Содержание четвертой песни дает борьба Гесера за свое личное счастье. Пользуясь отсутствием Гесера, Цотон, при содействии ревнивой Гесеровой жены Рогмо, ухитрился выслать из улуса возлюбленную Гесера Аралго (по прозванию Тумен-чжиргаланг), а та с горя вышла на чужбине замуж за «двенадцатиголовое» чудовище с несметными богатствами[14]. Три «победоносных» сестры-думы отказываются в этом случае водить Гесера по трудным «перевалам» (личной жизни), которые «непроходимы» для них из-за всяческой «нечистоты» (Egün-ece cinaysi simnu-yin yajar-a bujar burtay mayu buyu, bide ülü ecikii buyu ci mini yaycayar eci!), и потому-то достижение личных целей происходит здесь за счет несчастий общественных. Гесеру помогает теперь только «стеклышко из огневой драгоценности» (хрусталь-глаза) (yal erdenitü sil), данный «божьими детьми» (tenggri-yin köbegüd), с помощью которого можно видеть на том дьявольском перевале (mangyus-yin dabayan-du), где стоит день и ночь непроглядный грязный туман (edür ci ügei süni ci ondui xab-xara budang metü bayixu bui! S. 89). Гесер находит желанную Аралго и при ее помощи уничтожает противника.
Но в это же время три ширайгольских хана похищают Гесерову жену, Рогмо-гоа (песнь пятая).

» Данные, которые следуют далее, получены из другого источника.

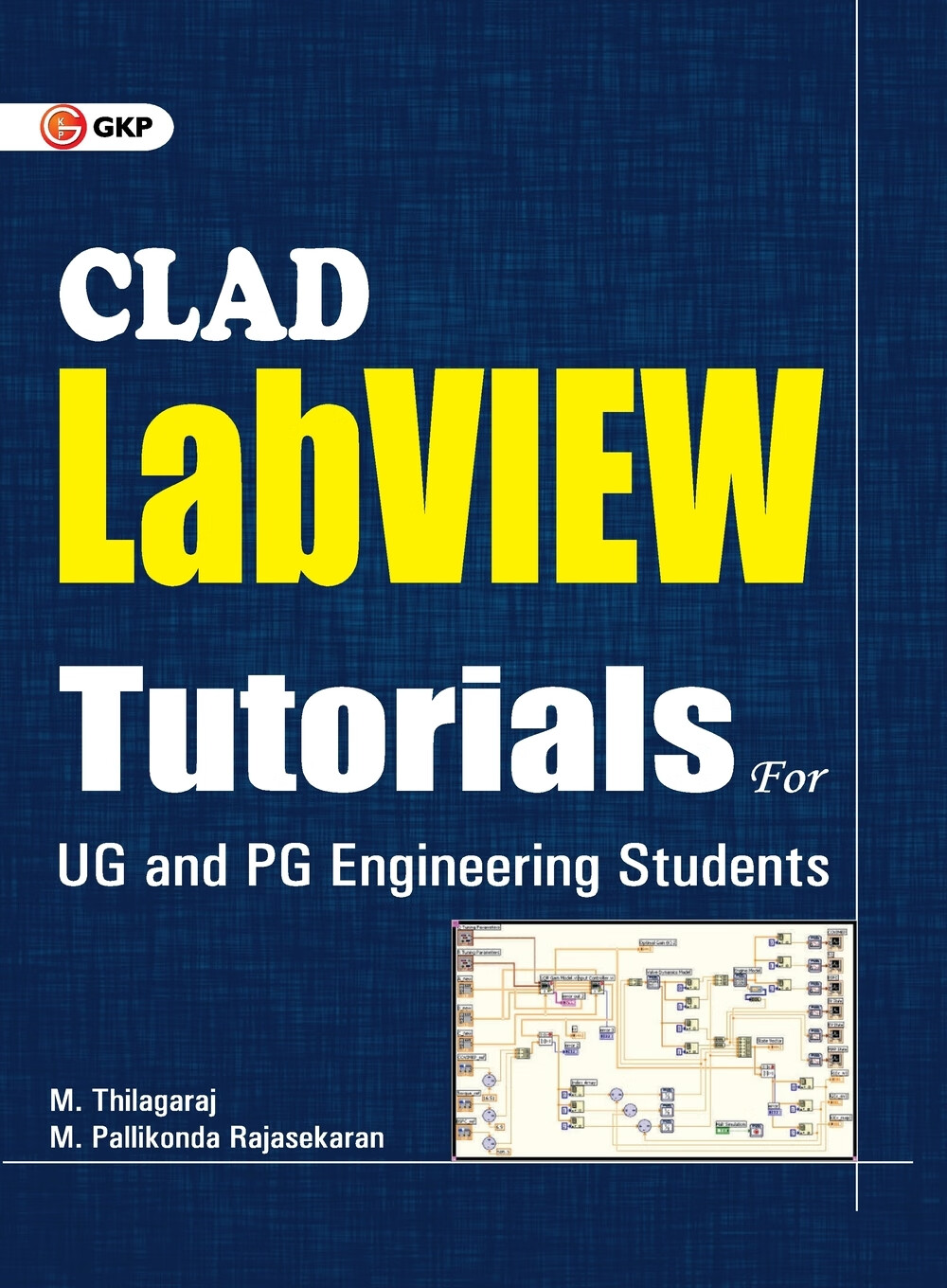 【预售 按需印刷】labview tutorials for clad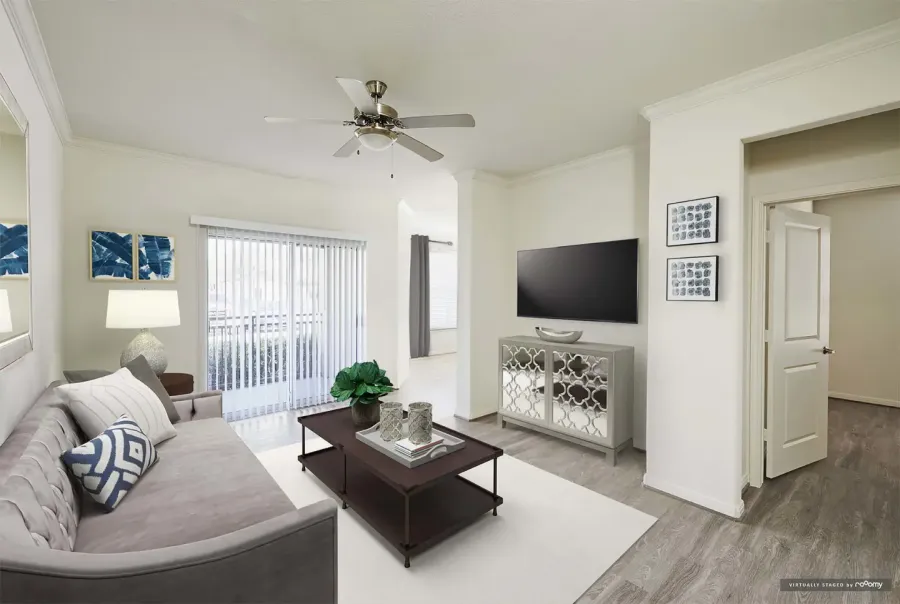 Camden Spring Creek | One Bedroom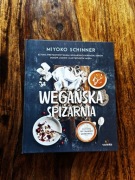 Wegańska spiżarnia + Kuchnia wegańska ZESTAW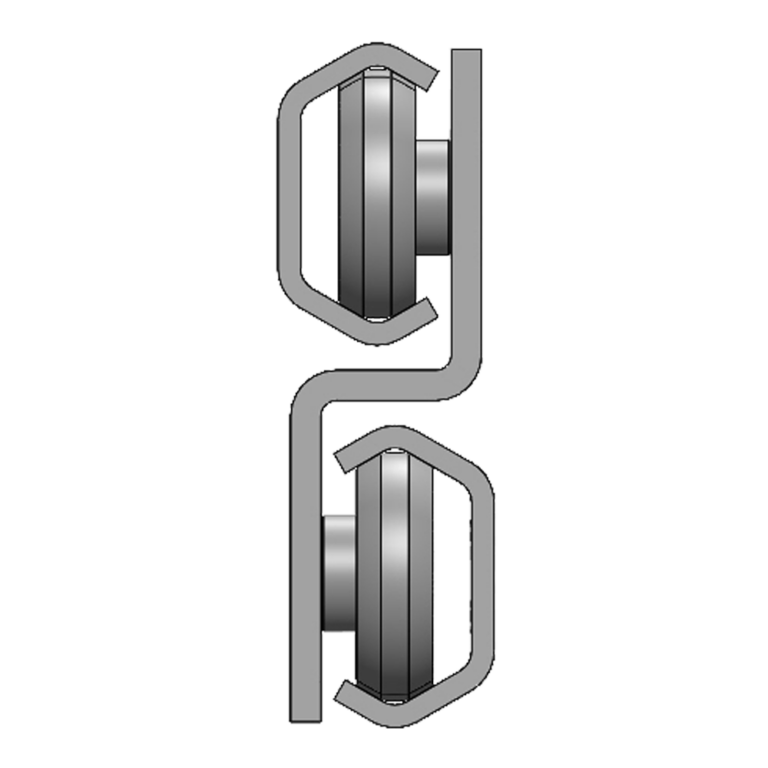 TLAX Telescopic Slide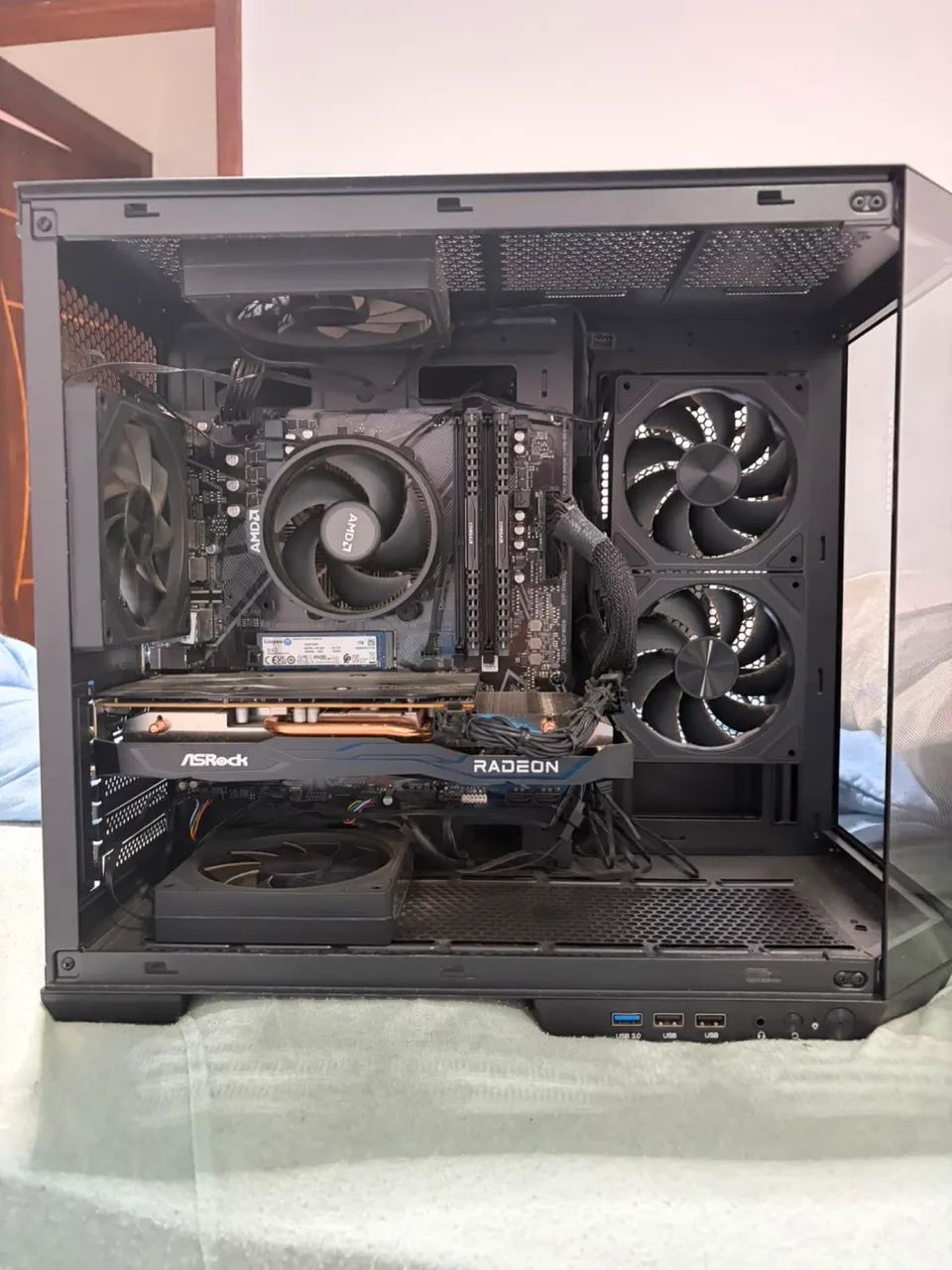 PC GAMER CONPLETO - Foto 2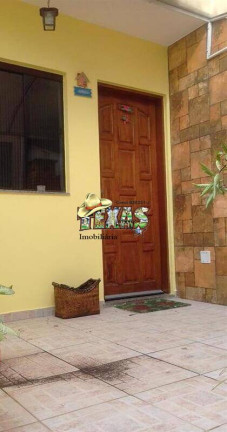 Imagem Casa de Condomínio com 2 Quartos à Venda, 63 m² em Cidade Patriarca - São Paulo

За честь Гесера вступаются все его богатыри, и все погибают в этой войне, из-за предательства Цотон-нойона. Гесер же, опоенный «забвенным напитком» любимой Аралго-гоа, девять лет праздно живет в богатом дворце убитого им «двенадцатиголового Мангуса». Но и в праздной дремоте все нет-нет да и напомнит ему о забытом долге, о забытых богатырских делах и битвах: и смеющаяся над ним старуха, у которой за время Гесерова безделья корова одряхлела до того, что рога поистерлись; и язвительный ворон, смеющийся ему в лицо; и хитрая предприимчивая лиса; и письма Рогмо о гибели любимого брата и всех его богатырей. Но только родимые «тибетские журавли», в которых обернулись его думы-сестры, выводят его из гибельного забытья. Тогда Гесер до корня истребляет все богатства, и оставив на службу себе только «душу» богатств — души животных, выступает мстить всем своим врагам, начиная с Цотона.